Kokkos::PerTeam restricts execution of the lambda’s body to once per team
Kokkos::PerThread restricts execution of the lambda’s body to once per thread (that is, to only one vector lane in a thread)

The single function takes a lambda as its second argument. That lambda takes zero arguments or one argument by reference. If it takes no argument, its body must perform side effects in order to have an effect. If it takes one argument, the final value of that argument is broadcast to every executor on the level: i.e. every vector lane of the thread, or every thread (and vector lane) of the team. It must always be correct for the lambda to capture variables by value ([=], not [&]). Thus, if the lambda captures by reference, it must not modify variables that it has captured by reference.

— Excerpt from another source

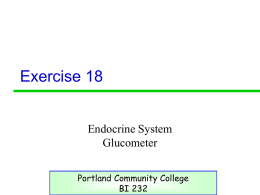 Ativity 21 - PCC - Portland Community College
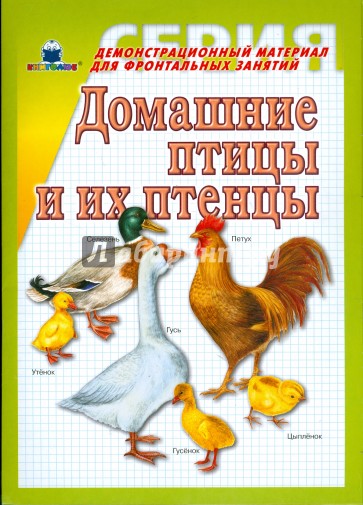 Домашние птицы и их птенцы. Демонстрационный материал для фронтальных занятий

using Kokkos::parallel_for;
using Kokkos::parallel_reduce;
using Kokkos::TeamThreadRange;
using Kokkos::ThreadVectorRange;
using Kokkos::PerThread;

TeamPolicy<...> policy (...);
typedef TeamPolicy<...>::member_type team_member;

parallel_for (policy, KOKKOS_LAMBDA (const team_member& thread) {
 // ...

  parallel_for (TeamThreadRange (thread, 100),
    KOKKOS_LAMBDA (const int& i) {
      double sum = 0;
      // Perform a vector reduction with a thread
      parallel_reduce (ThreadVectorRange (thread, 100),
        [=] (int i, double& lsum) {
          // ...
          lsum += ...;
      }, sum);
      // Add the result value into a team shared array.
      // Make sure it is only added once per thread.
      Kokkos::single (PerThread (), [=] () {
          shared_array(i) += sum;
      });
  });

  double sum;
  parallel_reduce (TeamThreadRange (thread, 99),
    KOKKOS_LAMBDA (int i, double& lsum) {
      // Add the result value into a team shared array.
      // Make sure it is only added once per thread.
      Kokkos::single (PerThread (thread), [=] () {
          lsum += someFunction (shared_array(i),
                                shared_array(i+1));
      });
  }, sum);

  // Add the per team contribution to global memory.
  Kokkos::single (PerTeam (thread), [=] () {
    global_array(thread.league_rank()) = sum;
  });
});

Here is an example of using the broadcast capabilities to determine the start offset for a team in a buffer:

using Kokkos::parallel_for;
using Kokkos::parallel_reduce;
using Kokkos::TeamThreadRange;
using Kokkos::ThreadVectorRange;
using Kokkos::PerThread;

TeamPolicy<...> policy (...);
typedef TeamPolicy<...>::member_type team_member;

Kokkos::View<int> offset("Offset");
offset() = 0;

parallel_for (policy, KOKKOS_LAMBDA (const team_member& thread) {
  // ...

  parallel_reduce (TeamThreadRange (thread, 100),
    KOKKOS_LAMBDA (const int& i, int& lsum) {
      if(...) lsum++;
  });
  Kokkos::single (PerTeam (thread), [=] (int& my_offset) {
   my_offset = Kokkos::atomic_fetch_add(&offset(),lsum);
  });
  ...
});

To further illustrate the “parallel region” semantics of the team execution consider the following code:

using Kokkos::parallel_reduce;
using Kokkos::TeamThreadRange;
using Kokkos::TeamPolicy;

parallel_reduce(TeamPolicy<>(N,team_size),
  KOKKOS_LAMBDA (const member_type& teamMember, int& lsum) {
    int s = 0;
    for(int i = 0; i<10; i++) s++;
    lsum += s;
},sum);

In this example sum will contain the value N * team_size * 10. Every thread in each team will compute s=10 and then contribute it to the sum.

Let’s go one step further and add a nested parallel_reduce(). By choosing the loop bound to be team_size every thread still only runs once through the inner loop.

using Kokkos::parallel_reduce;
using Kokkos::TeamThreadRange;
using Kokkos::TeamPolicy;

parallel_reduce(TeamPolicy<>(N,team_size),
  KOKKOS_LAMBDA (const member_type& teamMember, int& lsum) {

  int s = 0;
  parallel_reduce(TeamThreadRange(teamMember, team_size),
    [=] (const int k, int & inner_lsum) {
    int inner_s = 0;
    for(int i = 0; i<10; i++) inner_s++;
    inner_lsum += inner_s;
  },s);
  lsum += s;
},sum);

The answer in this case is nevertheless N * team_size * team_size * 10. Each thread computes inner_s = 10. But all threads in the team combine their results to compute a s value of team_size * 10. Since every thread in each team contributes that value to the global sum, we arrive at the final value of N * team_size * team_size * 10. If the intended goal was for each team to only contribute s once to the global sum, the contribution should have been protected with a single clause.